A total of 1700 patients (74% women; median age 41 years; median time on ART 3.7 years) were included in the study. The prevalence of virological suppression was 82.4% overall (95% confidence interval 80.5-84.2%). It ranged from 57.1 to 97.4% according to the individual hospital (P < 0.001). After adjustment, virological suppression was associated with age, CD4 cell count at ART initiation, disclosure of HIV status to family members, interruption of ART for more than two consecutive days, and location of patient's residence and hospital (rural/urban). These factors did not explain the heterogeneity of virological suppression between the study hospitals (P < 0.001).
The overall prevalence of virological suppression was reassuring. Nevertheless, the heterogeneity of virological suppression among hospitals highlights that, in addition to programme-level data, health facility-level data are crucial in order to tailor the national AIDS programme's interventions with a view to achieving the third UNAIDS 90 target.
就艾滋病毒感染而言,西部和中部非洲是全球受影响第二严重的地区,该地区的检测和治疗连续体以及联合国艾滋病规划署(艾滋病署)90-90-90 目标之间的差距尤其令人担忧。我们评估了喀麦隆 19 家医院常规治疗的患者中病毒学抑制的流行率。
在中心和滨海地区接受抗逆转录病毒疗法(ART)的成年患者中进行了横断面调查。使用卡方检验比较了所有 19 家医院的病毒学抑制率(<1000 HIV-1 RNA 拷贝/ml)。使用多变量逻辑回归模型评估了个体和与卫生保健相关的病毒学抑制的潜在决定因素。

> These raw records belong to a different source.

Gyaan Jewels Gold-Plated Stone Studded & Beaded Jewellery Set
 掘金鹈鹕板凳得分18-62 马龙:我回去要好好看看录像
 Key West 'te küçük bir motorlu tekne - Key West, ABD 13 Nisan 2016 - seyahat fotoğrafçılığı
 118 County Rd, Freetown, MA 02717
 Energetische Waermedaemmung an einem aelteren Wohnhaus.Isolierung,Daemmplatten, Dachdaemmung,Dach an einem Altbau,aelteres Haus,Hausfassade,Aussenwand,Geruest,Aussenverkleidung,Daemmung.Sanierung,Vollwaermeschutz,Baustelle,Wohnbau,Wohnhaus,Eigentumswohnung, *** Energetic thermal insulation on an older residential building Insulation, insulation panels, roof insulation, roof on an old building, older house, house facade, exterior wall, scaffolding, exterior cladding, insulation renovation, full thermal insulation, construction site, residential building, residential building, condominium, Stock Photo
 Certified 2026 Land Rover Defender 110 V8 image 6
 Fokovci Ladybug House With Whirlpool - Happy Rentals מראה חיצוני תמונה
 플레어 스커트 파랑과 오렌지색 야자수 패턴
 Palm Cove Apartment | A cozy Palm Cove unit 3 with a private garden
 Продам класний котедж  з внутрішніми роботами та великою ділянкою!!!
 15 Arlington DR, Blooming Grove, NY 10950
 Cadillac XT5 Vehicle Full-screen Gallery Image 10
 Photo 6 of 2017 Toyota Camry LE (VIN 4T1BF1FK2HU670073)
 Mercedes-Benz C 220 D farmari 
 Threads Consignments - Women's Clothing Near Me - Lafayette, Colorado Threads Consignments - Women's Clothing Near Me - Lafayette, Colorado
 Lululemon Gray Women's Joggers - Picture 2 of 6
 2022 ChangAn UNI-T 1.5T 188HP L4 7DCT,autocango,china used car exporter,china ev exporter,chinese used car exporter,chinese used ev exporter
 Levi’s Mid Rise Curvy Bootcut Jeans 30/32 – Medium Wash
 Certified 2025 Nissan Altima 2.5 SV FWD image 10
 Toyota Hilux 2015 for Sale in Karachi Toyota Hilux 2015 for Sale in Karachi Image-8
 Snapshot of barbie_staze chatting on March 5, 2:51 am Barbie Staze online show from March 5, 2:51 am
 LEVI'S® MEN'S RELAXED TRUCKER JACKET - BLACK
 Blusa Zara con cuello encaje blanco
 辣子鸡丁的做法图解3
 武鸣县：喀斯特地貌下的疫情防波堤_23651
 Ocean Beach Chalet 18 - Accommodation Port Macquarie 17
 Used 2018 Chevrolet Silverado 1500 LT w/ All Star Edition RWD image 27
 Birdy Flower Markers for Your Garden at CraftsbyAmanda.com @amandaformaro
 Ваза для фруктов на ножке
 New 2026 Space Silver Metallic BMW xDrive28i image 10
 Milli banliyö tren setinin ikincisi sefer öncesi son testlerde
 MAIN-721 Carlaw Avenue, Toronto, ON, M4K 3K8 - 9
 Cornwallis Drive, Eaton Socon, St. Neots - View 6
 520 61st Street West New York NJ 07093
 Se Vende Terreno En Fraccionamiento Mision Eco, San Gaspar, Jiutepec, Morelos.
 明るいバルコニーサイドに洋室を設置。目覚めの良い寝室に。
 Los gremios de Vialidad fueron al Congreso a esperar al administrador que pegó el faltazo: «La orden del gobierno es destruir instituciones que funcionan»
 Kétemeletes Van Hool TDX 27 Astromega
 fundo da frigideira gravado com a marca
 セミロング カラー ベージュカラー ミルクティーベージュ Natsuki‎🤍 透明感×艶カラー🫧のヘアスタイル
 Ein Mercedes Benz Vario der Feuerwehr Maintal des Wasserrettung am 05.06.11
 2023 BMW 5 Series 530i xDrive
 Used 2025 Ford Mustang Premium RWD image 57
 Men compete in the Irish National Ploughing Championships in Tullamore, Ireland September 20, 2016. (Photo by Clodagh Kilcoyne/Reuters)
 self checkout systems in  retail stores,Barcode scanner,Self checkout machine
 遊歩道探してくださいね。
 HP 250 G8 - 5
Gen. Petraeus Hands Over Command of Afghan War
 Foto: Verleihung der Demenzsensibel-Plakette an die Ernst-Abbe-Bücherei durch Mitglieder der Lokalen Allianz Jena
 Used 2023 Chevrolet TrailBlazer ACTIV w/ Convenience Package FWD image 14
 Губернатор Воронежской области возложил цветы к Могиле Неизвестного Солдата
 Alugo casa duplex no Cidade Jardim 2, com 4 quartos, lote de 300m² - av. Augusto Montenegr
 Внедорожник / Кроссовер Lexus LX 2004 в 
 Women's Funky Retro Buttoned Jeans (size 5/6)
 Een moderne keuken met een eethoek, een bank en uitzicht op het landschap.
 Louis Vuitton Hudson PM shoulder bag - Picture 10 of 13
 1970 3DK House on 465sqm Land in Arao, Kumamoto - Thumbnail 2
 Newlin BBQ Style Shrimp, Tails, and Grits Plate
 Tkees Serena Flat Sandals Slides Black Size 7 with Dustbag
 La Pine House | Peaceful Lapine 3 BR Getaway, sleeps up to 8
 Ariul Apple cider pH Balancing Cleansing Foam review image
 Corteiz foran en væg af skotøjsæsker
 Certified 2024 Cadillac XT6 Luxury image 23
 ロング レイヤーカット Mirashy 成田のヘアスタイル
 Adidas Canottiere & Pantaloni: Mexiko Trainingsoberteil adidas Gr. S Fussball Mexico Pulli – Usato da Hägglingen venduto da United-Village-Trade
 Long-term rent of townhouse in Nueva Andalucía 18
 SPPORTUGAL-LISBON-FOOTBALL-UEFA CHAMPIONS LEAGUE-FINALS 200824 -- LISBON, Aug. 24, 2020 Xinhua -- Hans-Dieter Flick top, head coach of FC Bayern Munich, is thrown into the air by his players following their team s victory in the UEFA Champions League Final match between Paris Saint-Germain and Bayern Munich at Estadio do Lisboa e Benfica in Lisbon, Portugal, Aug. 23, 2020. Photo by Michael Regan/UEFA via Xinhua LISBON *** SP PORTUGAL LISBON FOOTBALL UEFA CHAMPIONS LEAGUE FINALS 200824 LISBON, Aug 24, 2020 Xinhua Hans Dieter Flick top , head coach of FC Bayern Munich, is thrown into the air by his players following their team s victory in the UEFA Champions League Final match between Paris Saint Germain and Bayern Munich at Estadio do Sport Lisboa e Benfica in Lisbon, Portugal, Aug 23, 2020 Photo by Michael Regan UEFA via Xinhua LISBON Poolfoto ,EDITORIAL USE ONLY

共纳入 1700 名患者(74%为女性;中位年龄 41 岁;中位 ART 时间为 3.7 年)。总体上,病毒学抑制的流行率为 82.4%(95%置信区间 80.5-84.2%)。根据各医院的不同,该比率从 57.1%到 97.4%不等(P<0.001)。调整后,病毒学抑制与年龄、ART 起始时的 CD4 细胞计数、向家庭成员透露艾滋病毒状况、连续两天以上中断 ART 以及患者居住地和医院的位置(农村/城市)有关(P<0.001)。这些因素不能解释研究医院之间病毒学抑制的异质性(P<0.001)。
总体而言,病毒学抑制的流行率令人安心。然而,各医院之间病毒学抑制的异质性突出表明,除了方案层面的数据外,卫生机构层面的数据对于调整国家艾滋病方案的干预措施以实现艾滋病署第三个 90 目标至关重要。